Minimal decomposition entropy and optimal representations of absolutely maximally entangled states

TL;DR

This paper introduces a minimal decomposition entropy measure to analyze and classify absolutely maximally entangled states, providing efficient algorithms and revealing their optimal representations and entanglement properties across various quantum systems.

Contribution

It develops an efficient algorithm for computing minimal decomposition entropy and applies it to classify AME states, revealing their sparser representations and entanglement characteristics.

Findings

AME states have lower minimal entropy for q=2, indicating sparser forms.

AME states show higher entanglement at q=∞, related to geometric measures.

The algorithm simplifies AME states into more manageable representations.

Abstract

Understanding and classifying multipartite entanglement is fundamental to quantum information processing. This work focuses on absolutely maximally entangled (AME) states, a class of highly entangled states characterized by their maximal entanglement across any bipartitions. To analyze and classify AME states, we employ the minimal decomposition entropy, defined as the minimum R\'{e}nyi entropy $S_q$ associated with the state's decomposition over all local product bases. This quantity identifies the product bases in which the state is maximally localized, thereby yielding optimal representations for analyzing properties of AME states.
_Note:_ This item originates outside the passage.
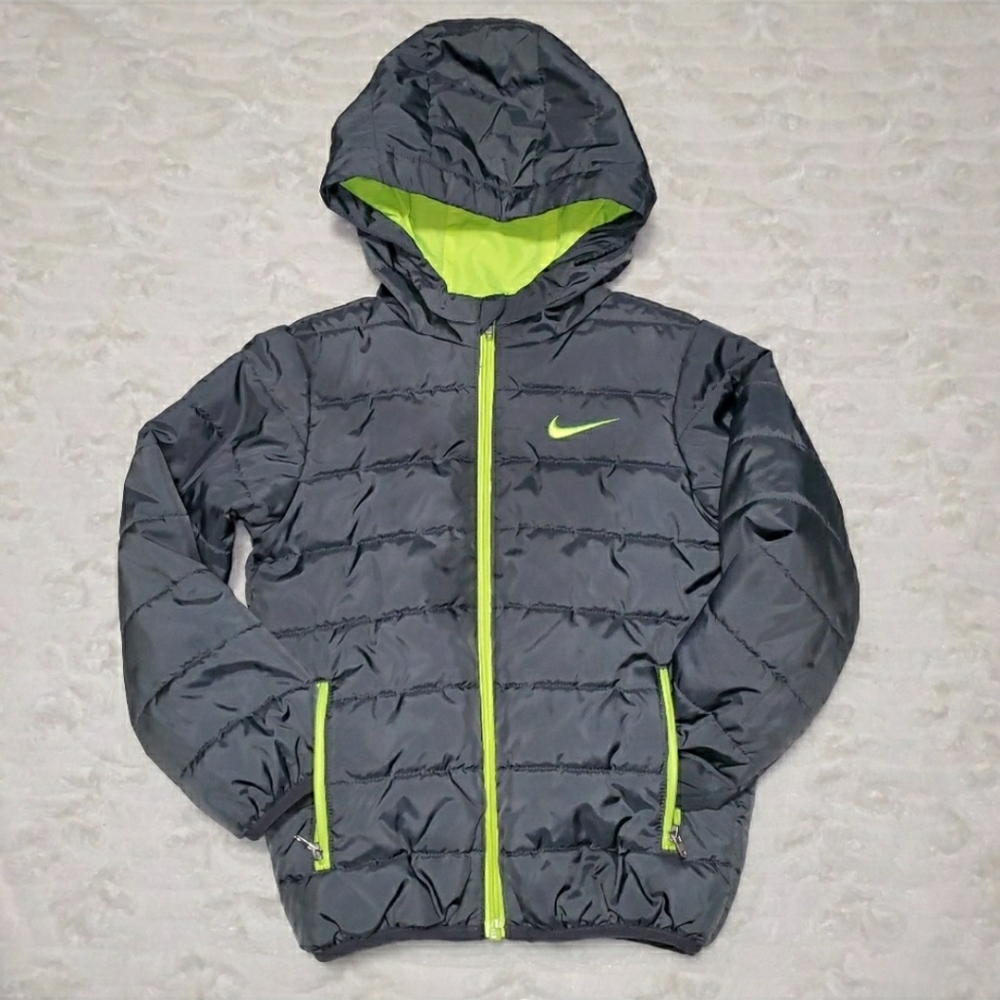 Nike kids navy puffer jacket with lime green accents.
We develop an efficient algorithm for computing the minimal decomposition entropy for finite $q>1$ and compare AME and Haar-random states for \( q = 2 \) and \( q = \infty \) in qubit, qutrit, and ququad systems. For \( q = 2 \), AME states of four qutrits and ququads show lower minimal entropy than generic states, indicating sparser optimal forms. For \( q = \infty \) -- related to the geometric measure of entanglement -- AME states exhibit higher entanglement. The algorithm also simplifies known AME states into sparser representations, aiding in distinguishing genuinely quantum AME states from those constructible from classical combinatorial designs. Our results advance the classification of AME states and demonstrate the utility of minimal decomposition entropy as both a local unitary invariant and a tool for state simplification.